WP 70 A Review of HIV/STD Behavioral Prevention Interventions for Female Sex Workers in the United States

Tuesday, June 10, 2014
International Ballroom
Neetu Abad, PhD1, Brittney Baack, MA2, Ann O'Leary, PhD3 and Cynthia Lyles, PhD2, 1Division of STD Prevention, Centers for Disease Control and Prevention, Atlanta, GA, 2Centers for Disease Control and Prevention, 3Prevention Research Branch, Division of HIV/AIDS Prevention, National Center for HIV/AIDS, Viral Hepatitis,STD and TB Prevention, Atlanta, GA

Background:  The lives of female sex workers (FSW) in the US are typically marked by violence and instability, traumatic life events, victimization, substance abuse, mental illness, and poverty.  FSW are at high risk for acquiring and transmitting HIV and other STDs via inconsistent condom usage, sex with partners of unknown serostatus or concurrent partnerships with risky sexual partners, and injection drug or crack use.  Little is known about estimates of HIV/STD among FSW in the US, but estimates of HIV range from 10.9% among 700 FSW in NYC jails to 22.4% among 536 drug-using FSW. 

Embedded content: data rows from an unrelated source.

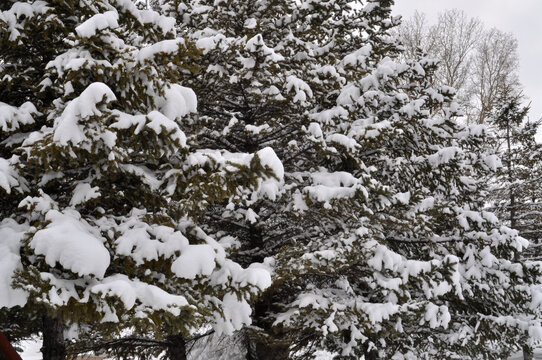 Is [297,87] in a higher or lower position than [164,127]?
higher

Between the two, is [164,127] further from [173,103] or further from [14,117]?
[14,117]

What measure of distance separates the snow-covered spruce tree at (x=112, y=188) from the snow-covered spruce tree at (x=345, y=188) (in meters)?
1.66

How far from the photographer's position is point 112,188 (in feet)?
15.6

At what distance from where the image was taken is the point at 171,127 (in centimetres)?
377

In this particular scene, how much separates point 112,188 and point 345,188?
3.19 meters

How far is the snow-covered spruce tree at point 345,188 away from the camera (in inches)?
253

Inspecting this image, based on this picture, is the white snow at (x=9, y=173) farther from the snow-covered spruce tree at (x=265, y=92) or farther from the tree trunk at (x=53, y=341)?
the snow-covered spruce tree at (x=265, y=92)

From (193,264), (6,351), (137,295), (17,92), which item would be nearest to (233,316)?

Methods:  The purpose of this systematic review was to examine HIV/STD behavioral interventions conducted in the US and published between 1988 and 2012 that aimed to reduce sexual or drug-related risk behavior among US-based FSW in order to summarize important factors that have been addressed and highlight gaps for future research.  Nineteen unique interventions met our selection criteria and were eligible for review: 5 interventions that exclusively targeted FSW, 2 interventions that stratified data by FSW, and 12 interventions that included at least 50% FSW. 

Results:  Our review indicated that 15 interventions provided HIV/STD prevention information and 13 provided substance abuse prevention information, but few tailored this content for issues facing FSW.  Only four interventions addressed mental health, 1 addressed homelessness, and 2 addressed job training.  The majority of included interventions were published over 10 years ago and only 2 have been identified by CDC as Evidence-Based Interventions.  

Conclusions: These findings suggest that current HIV prevention efforts do not adequately address the needs of FSW in the US.  Interventions may include a greater emphasis on structural and psychosocial factors, including mental health, recovery from victimization, and economic resources.  An expansion of the definition of FSW is also considered.